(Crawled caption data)
+ + + + +

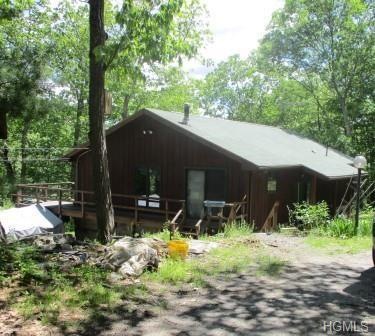 30 Barnes Ln, Cuddebackville, NY 12729 - photo 1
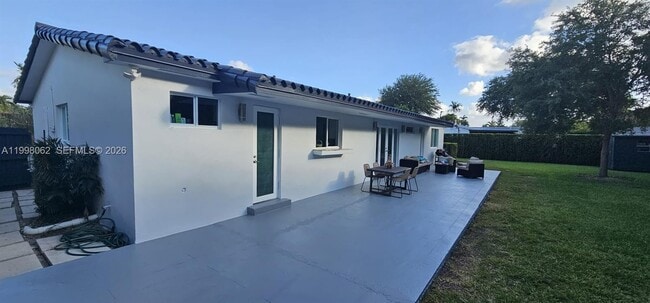 Building Photo - 10900 SW 107th Ave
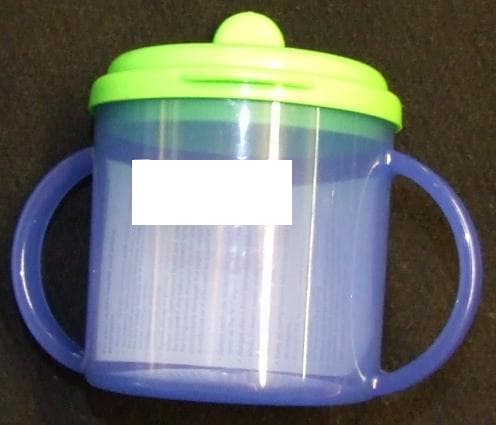 PLASTIC DRINKING CUP FOR BABIES WITH LID WITH A DRINKING SPOUT, HANDLES AND LOGO. SUPPLIED WITH INSTRUCTION LEAFLET.
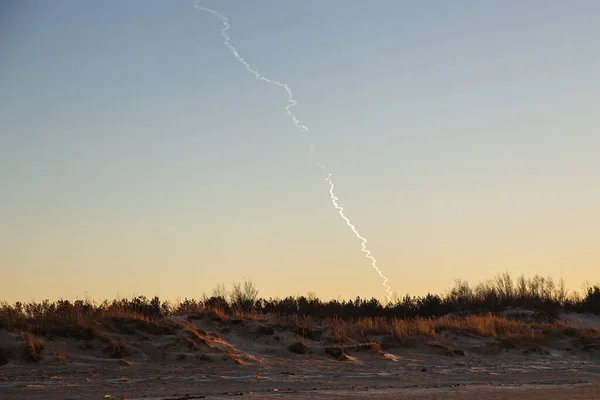 Inversionsspur einer ballistischen Rakete in der oberen Atmosphäre — Stockfoto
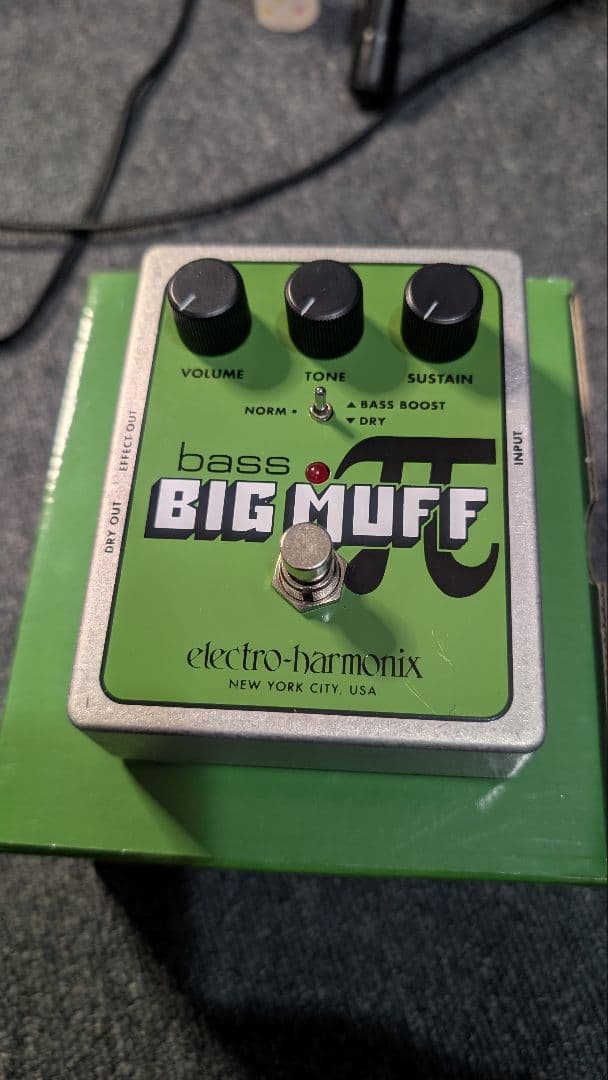 electro-harmonix BASS BIG MUFF π
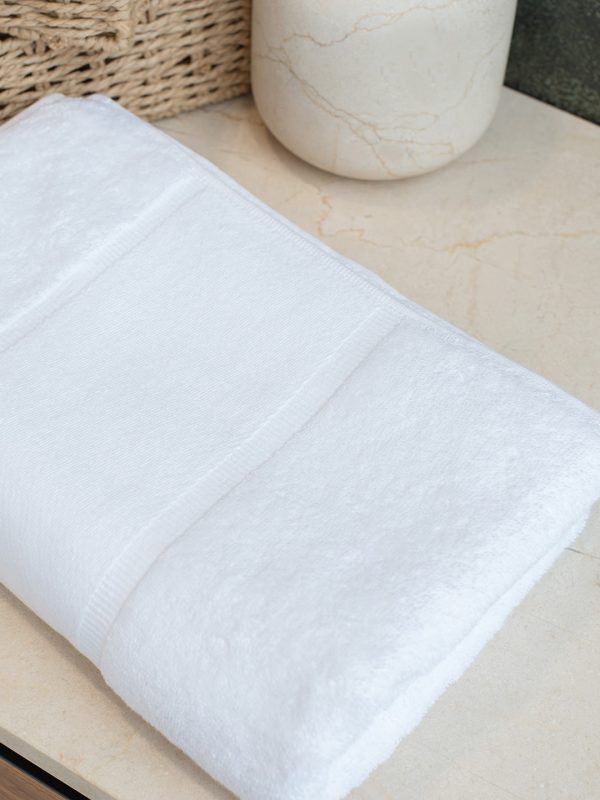 Organic bath towel with printable border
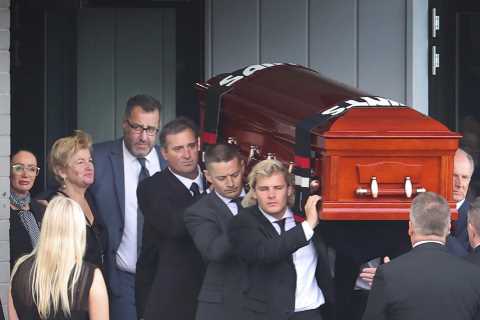 Shane Warne’s heartbroken family say final farewell to cricket legend as mourners gather for..
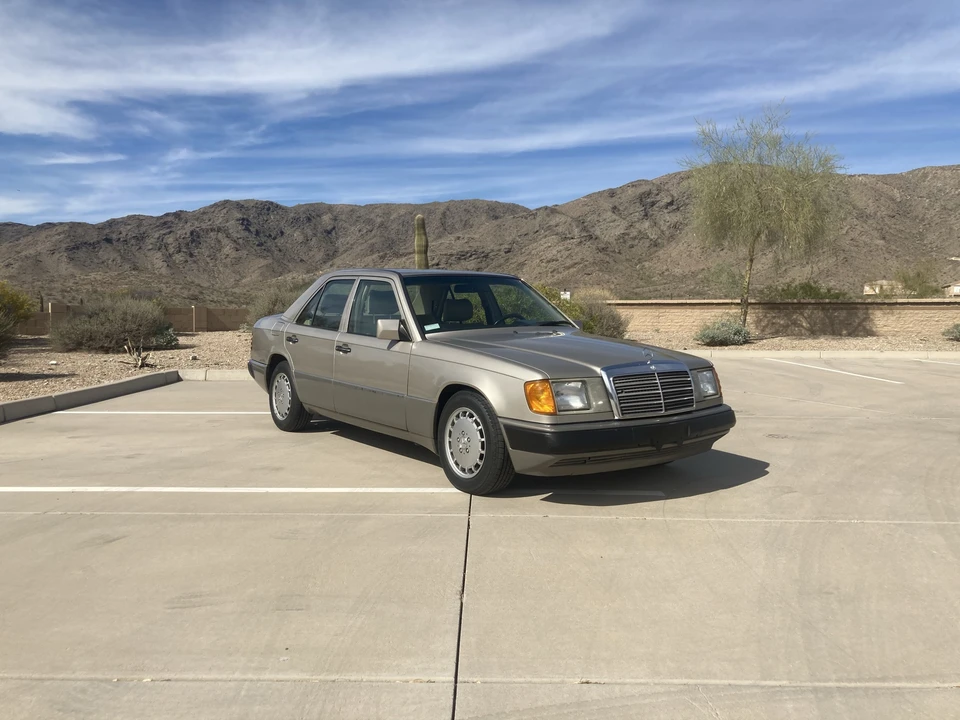 1993 Mercedes-Benz W124 E-Class - Image 8 of 31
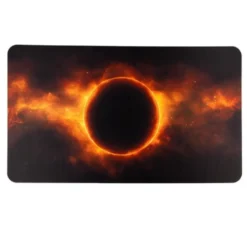 Gumowa mata do gier karcianych: 24"x14" / 61x35,5 cm - Płonąca planeta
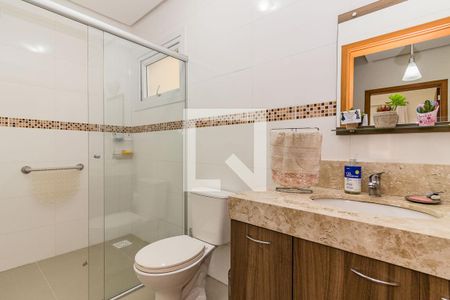 Banheiro Social de casa à venda com 4 quartos, 147m² em Campo Novo, Porto Alegre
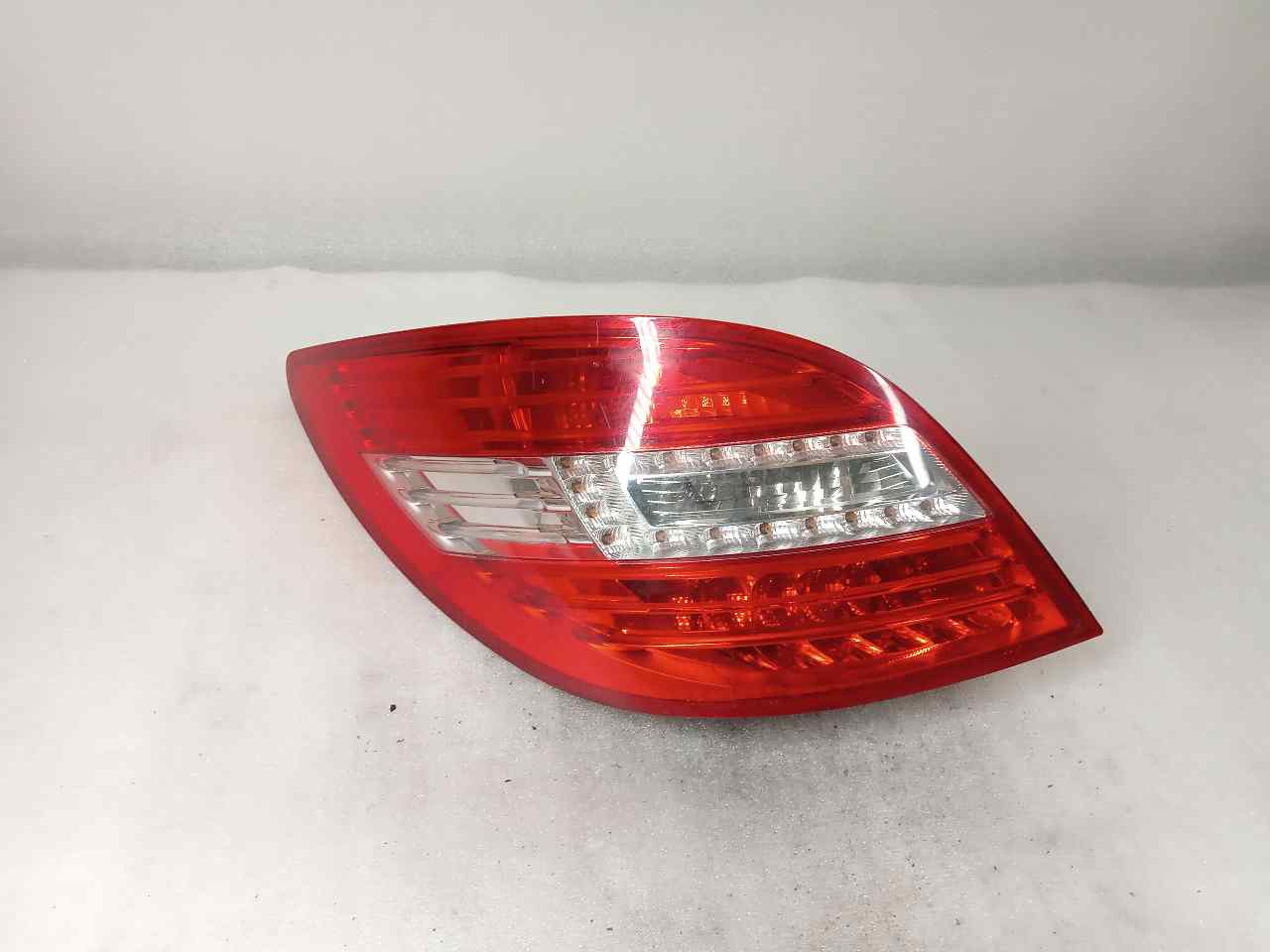 MERCEDES-BENZ R-Class W251 (2005-2017) Rear Right Taillight Lamp A2518201964 24855830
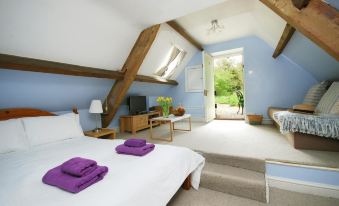 The Coach House Beautiful Georgian Apartment Wifi and Parking Near Bath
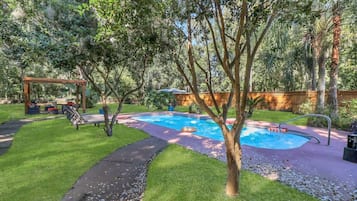 Een verwarmd zwembad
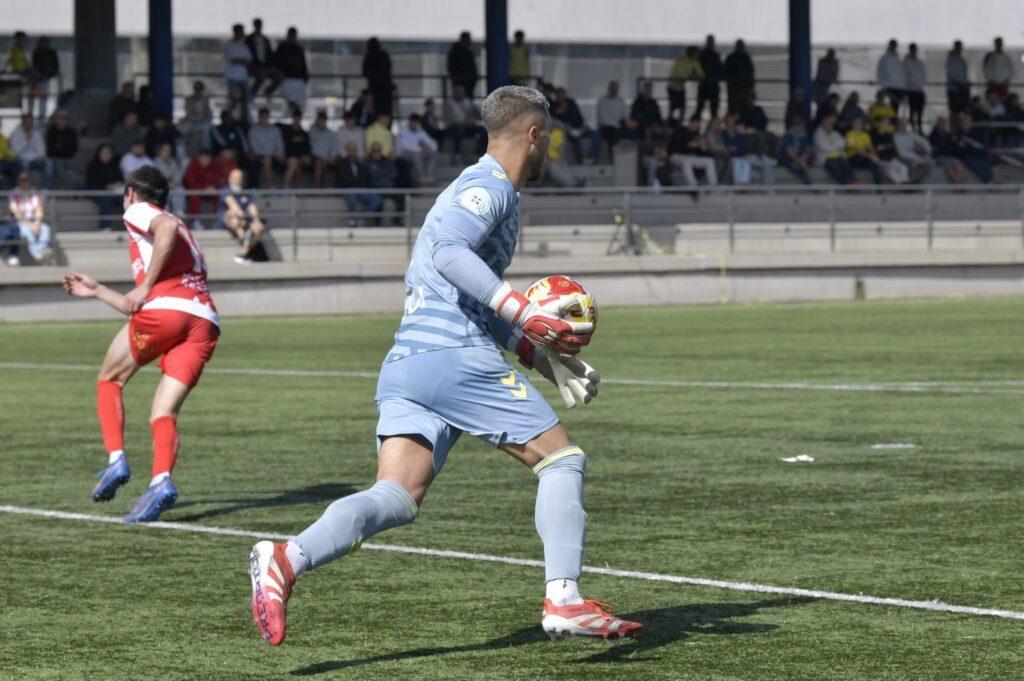 El cancerbero titular de Las Palmas Atlético ejerció de tercer portero en el partido de este lunes en el Carlos Belmonte. Es su décimo sexta convocatoria con el primer equipo amarillo. La principal novedad en la convocatoria de la Unión Deportiva Las Palmas que este lunes se midió al Albacete Balompié estuvo en el banquillo.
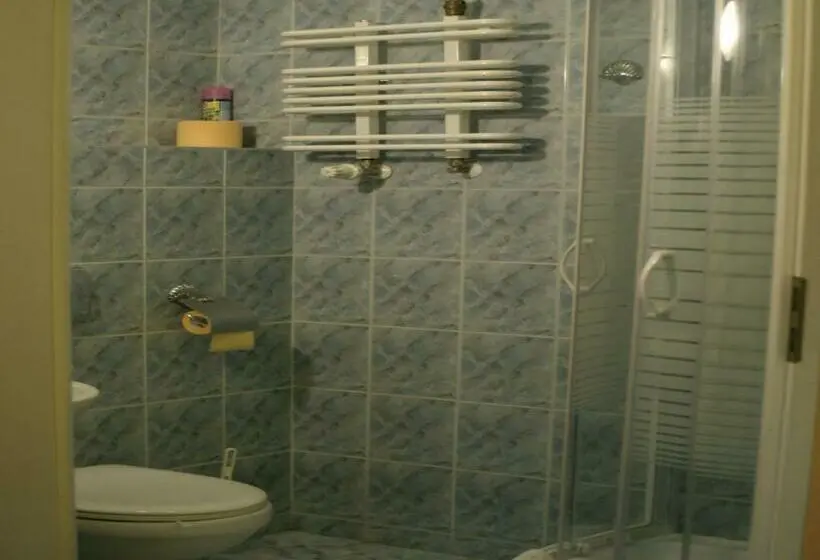 Standard Yhden Hengen Huone, Pensjonat Rezydencja Parkowa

+ + + + +

How to complete this task: Would you restate the records above word for word and exclude the pictures?

Response to the exercise:
 30 Barnes Ln, Cuddebackville, NY 12729 - photo 1
 Building Photo - 10900 SW 107th Ave
 PLASTIC DRINKING CUP FOR BABIES WITH LID WITH A DRINKING SPOUT, HANDLES AND LOGO. SUPPLIED WITH INSTRUCTION LEAFLET.
 Inversionsspur einer ballistischen Rakete in der oberen Atmosphäre — Stockfoto
 electro-harmonix BASS BIG MUFF π
 Organic bath towel with printable border
 Shane Warne’s heartbroken family say final farewell to cricket legend as mourners gather for..
 1993 Mercedes-Benz W124 E-Class - Image 8 of 31
 Gumowa mata do gier karcianych: 24"x14" / 61x35,5 cm - Płonąca planeta
 Banheiro Social de casa à venda com 4 quartos, 147m² em Campo Novo, Porto Alegre
 MERCEDES-BENZ R-Class W251 (2005-2017) Rear Right Taillight Lamp A2518201964 24855830
 The Coach House Beautiful Georgian Apartment Wifi and Parking Near Bath
 Een verwarmd zwembad
 El cancerbero titular de Las Palmas Atlético ejerció de tercer portero en el partido de este lunes en el Carlos Belmonte. Es su décimo sexta convocatoria con el primer equipo amarillo. La principal novedad en la convocatoria de la Unión Deportiva Las Palmas que este lunes se midió al Albacete Balompié estuvo en el banquillo.
 Standard Yhden Hengen Huone, Pensjonat Rezydencja Parkowa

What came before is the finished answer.